Writing in the Post, JohnPodhoretz wrote of an increasing number of panhandlers and car trashings that he said are the first signs of disorder.
Citing a June 20th article from a web site called the West Side Rag, Podhoretz wrote: “In the past 28 days, 17 cars have been broken into on Riverside Drive above 86th street. . . Fourteen break-ins have also occurred on Central Park West in the past 28 days.”
So what’s going on? Why, if crime is declining, do these New Yorkers fear the city is about to return to the bad old days of the 1990s, the 1980s and the 1970s?
At the heart of their fear is the perception that Mayor de Blasio — who won election by exploiting the stop-and-frisk policy — is a social reformer at the expense of city’s safety.
The mayor de Blasio most resembles is John Lindsay. Lindsay was so attuned to the sensibilities of black New Yorkers and so fearful of a riot if the sensibilities were not attended to that he violated a tenet of mayoral leadership. After a white police officer was murdered inside a Nation of Islam mosque in Harlem following a phony 911 call, Lindsay did not attend the officer’s funeral. And he ordered his police commissioner not to either.
Forty-two years later, De Blasio has effectively presented himself as the city’s first black mayor in a way that the city’s more racially inclusive actual first black mayor, David Dinkins, never did.

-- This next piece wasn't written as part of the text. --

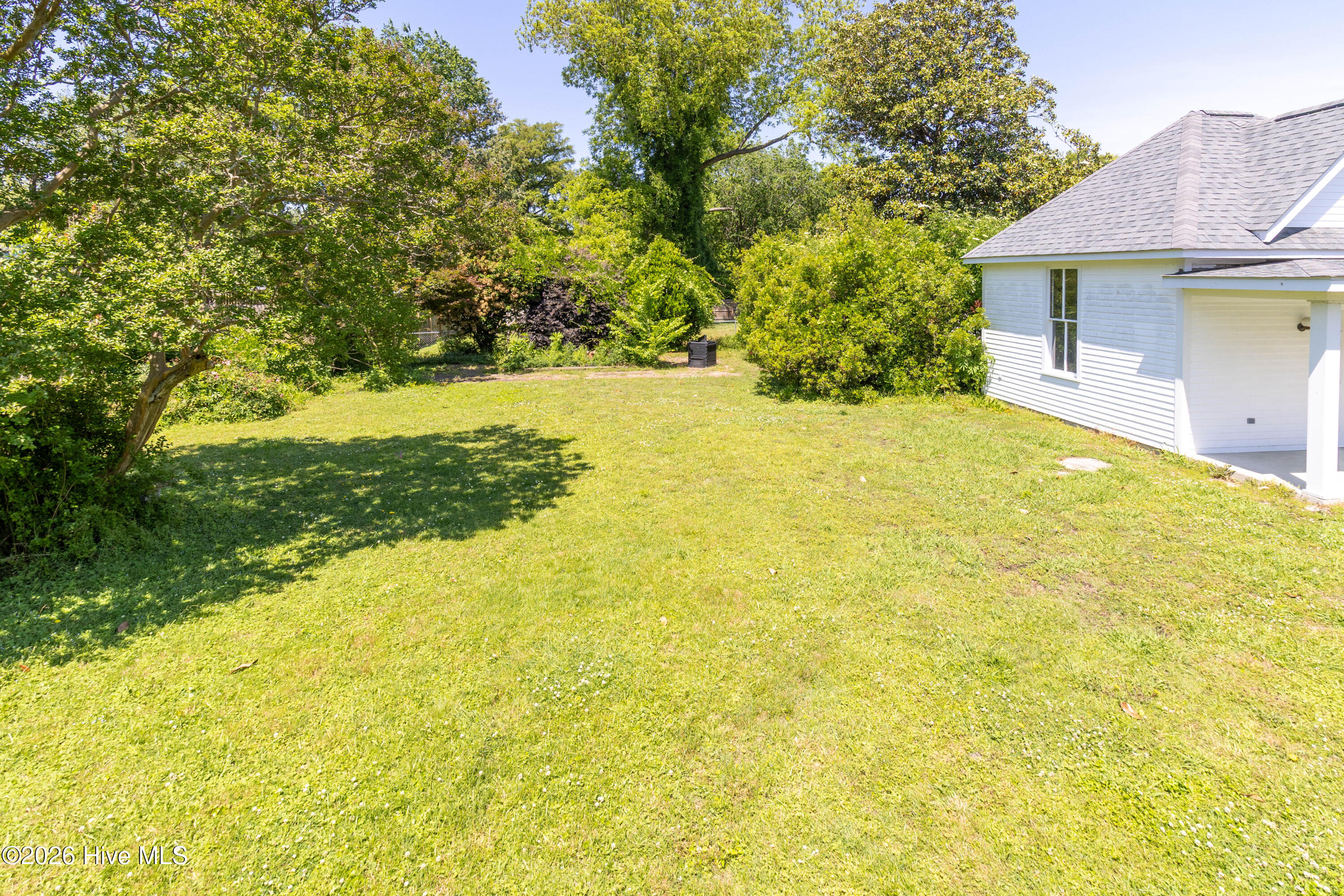 105 N Granville Street Property Photo 49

One of de Blasio’s first mayoral acts regarding the police department was to ignore his police commissioner and make a backstage phone call to a black deputy chief to secure the release of Bishop Orlando Findlayter, a black political supporter, detained by police.
More recently, de Blasio awarded $40 million to five black victims wrongfully convicted of raping the white Central Park jogger. This, despite the fact that a number of lawyers have maintained the city had a winnable case in court, largely because at the time of the rape the five were assaulting other people in the park.
At the same time, de Blasio said he was opposed to hiring 1,000 more cops, saying he thought the current force of 35,000 is adequate to fight crime.
One of de Blasio’s key advisers is Al Sharpton, the most racially polarizing figure in the city, who made his reputation by lying about the phony rape of a black girl, supposedly by a group of whites, and by exploiting racial incidents like the Crown Heights riot.
While Bloomberg and Kelly paid homage to Sharpton while holding their noses, de Blasio has embraced him.
After it was revealed — yet again — that Sharpton was an informer for the FBI not just on the mob as he claimed, but on elected black officials, de Blasio appeared at Sharpton’s annual conference of his National Action League.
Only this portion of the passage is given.